Tuesday, June 26, 2001
Firm pays £500,000 for ordering Jew to dress as Hitler
BY STEVE BIRD
A JEWISH City trader who was ordered to wear an Adolf Hitler uniform as a joke punishment for being late for work won substantial damages yesterday after claiming racial discrimination. Laurent Weinberger, whose grandmother died in Auschwitz, received an estimated £500,000 from the international money broker Tullett & Tokyo Liberty on the eve of an employment tribunal hearing.
Mr Weinberger, 33, of Northwood, northwest London, said that after refusing to wear the costume he had been moved from his department and told to take a pay cut. Two weeks later he resigned. He said yesterday: “I am pleased with the outcome.”

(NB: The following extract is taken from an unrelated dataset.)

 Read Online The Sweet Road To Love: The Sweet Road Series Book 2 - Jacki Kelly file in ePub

A spokesman for Tullett & Tokyo, which denied unfair dismissal and racial discrimination, said: “This claim focuses on a regrettable incident for which the employer quickly apologised. We are pleased that a mutually satisfactory end has been reached.” Both parties refused to reveal the exact terms of the settlement.

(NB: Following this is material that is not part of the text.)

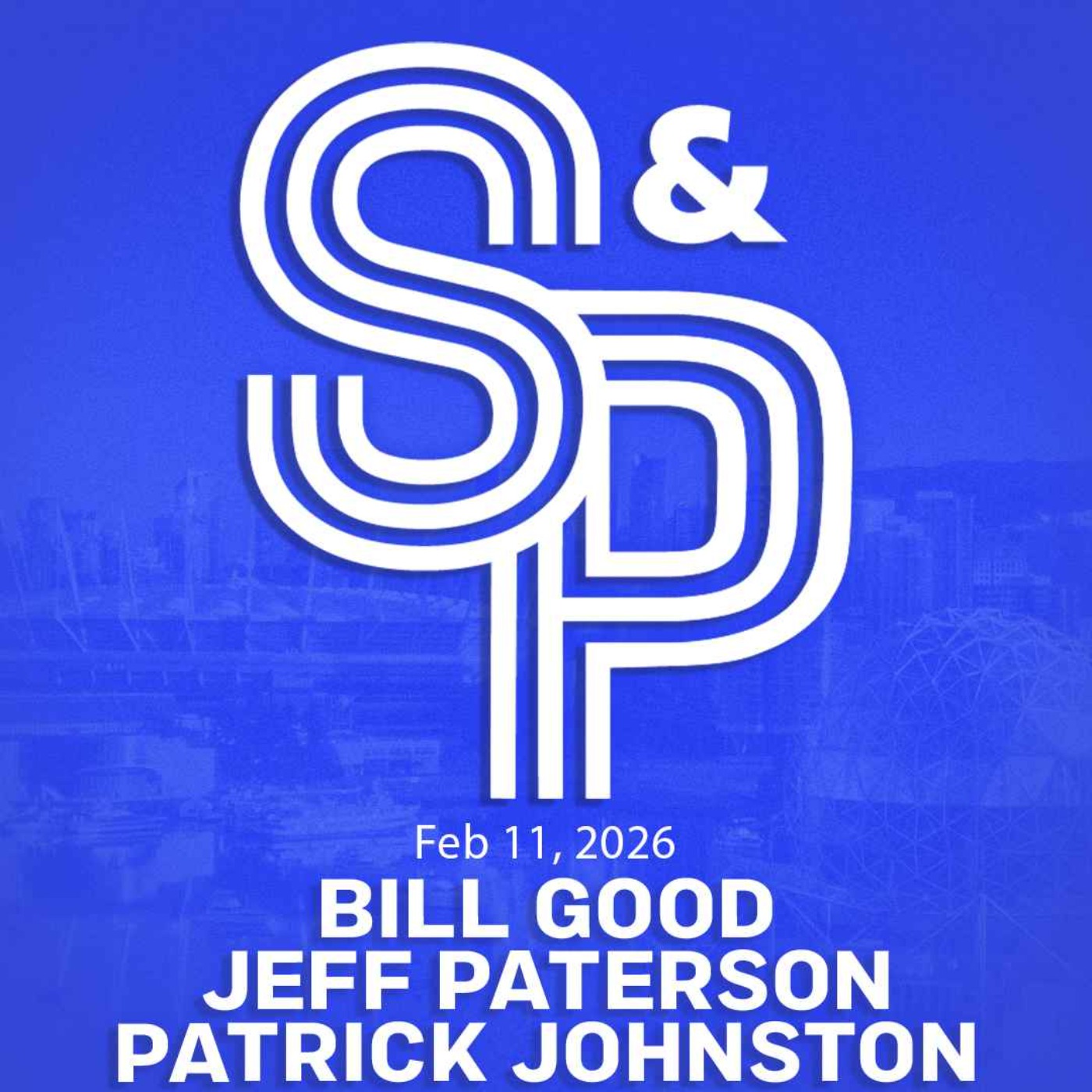 Feb 11, 2026: Remembering Robson, Countdown to Canadian men's hockey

A preliminary hearing held earlier this year heard that Mr Weinberger was called “Jew Boy” and “Yiddo” by one of his bosses. He also claimed that he was told he should make up for lost time when he took Jewish holidays.
Makbool Javaid, the employment lawyer who represented Mr Weinberger, said that the costume incident was “like handing a Ku Klux Klan uniform to a black person and saying: Wear that.”
The Hitler trousers, shirt, jacket, cap, boots, and tie were hired in Mr Weinberger’s name and paid for by Tullett & Tokyo. Brokers would also place a skull cap on top of the television when a Jew appeared on financial bulletins.
In separate incidents, a Welsh trader was made to wear a Bo Peep costume because of his country’s association with sheep, and a Northern Irish Protestant was given a Pope costume.
The firm said that Mr Weinberger, who worked there for six years, had joined in the “banter”, calling some colleagues a “fat Scot” or “yoks” if they were not Jewish. It claimed that such language was “horseplay”.